Algunos detalles explican todo este delirio: la escena del beso, que algunos equiparan con terrorismo sexual, sucedió en Sídney, donde la justicia española no es competente. El supuesto acoso tampoco ha sido, hasta ahora, denunciado en un juzgado por la futbolista afectada. Todo el caso, salvo la pertinente decisión de la FIFA, se ha ido convirtiendo en un grotesco vodevil con derivaciones berlanguianas: la madre de Rubiales en huelga de hambre y Otegi, condenado por terrorismo, diciendo que los actos del presidente de la Real Federación Española de Fútbol lo “deslegitiman para estar en cualquier institución”. Una regla que, en su caso, decae.

A pesar del escándalo que pueda causar la conducta de Rubiales, lo que están alimentando los políticos es el combustible del mismo fanatismo que ejerció la Santa Inquisición.
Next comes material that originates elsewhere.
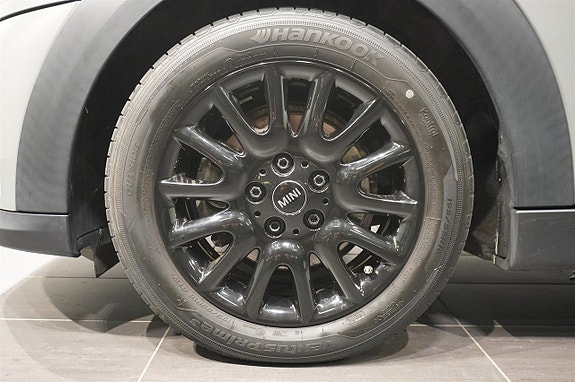 MINI Cooper 7 of 14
Como han escrito Manuel Peña y Doris Moreno, dos de los historiadores que mejor han estudiado el Santo Oficio, “la proyección de los sermones inquisitoriales buscaba la adhesión o, por lo menos, la obediencia. Los parlamentos de los inquisidores se elevaban con lenguaje y retórica barrocos, buscando a las élites, recordándoles que el Santo Oficio no era tribunal de dormidos, sino de despiertos vigilantes”. 

Los inquisidores estaban seguros de actuar en defensa de la fe y contar con el aval infalible de la Iglesia, representante de Dios en la Tierra. Sus autos de fe para castigar la herejía tenían amplia aprobación popular. Si las sentencias de la Inquisición nos merecen hoy reprobación no es porque se ajusticiase a inocentes –ninguno de sus reos lo era a sus ojos–, sino porque el dogmatismo religioso e ideológico, de cualquier signo, es intolerable en una sociedad civilizada. Que alguien fuera culpable de herejía no refrenda los medios del Santo Oficio. Hemingway lo resumió con una frase más simple: “Estar contra el diablo no te convierte en un santo”. 

El episodio Rubiales causa vergüenza. Los sambenitos y el supremacismo del feminismo de barra brava provocan espanto. Ninguna de ambas cosas ayuda a la causa de las mujeres. En esto, de nuevo, conviene citar a Marías: “Casi todo el mundo gusta de pensar bien de sí mismo, y que sería incapaz de matar a sangre fría, bajo ninguna circunstancia. Pero mucha de esa gente no se inmuta cuando la policía mata a un terrorista. Más bien siente alivio”.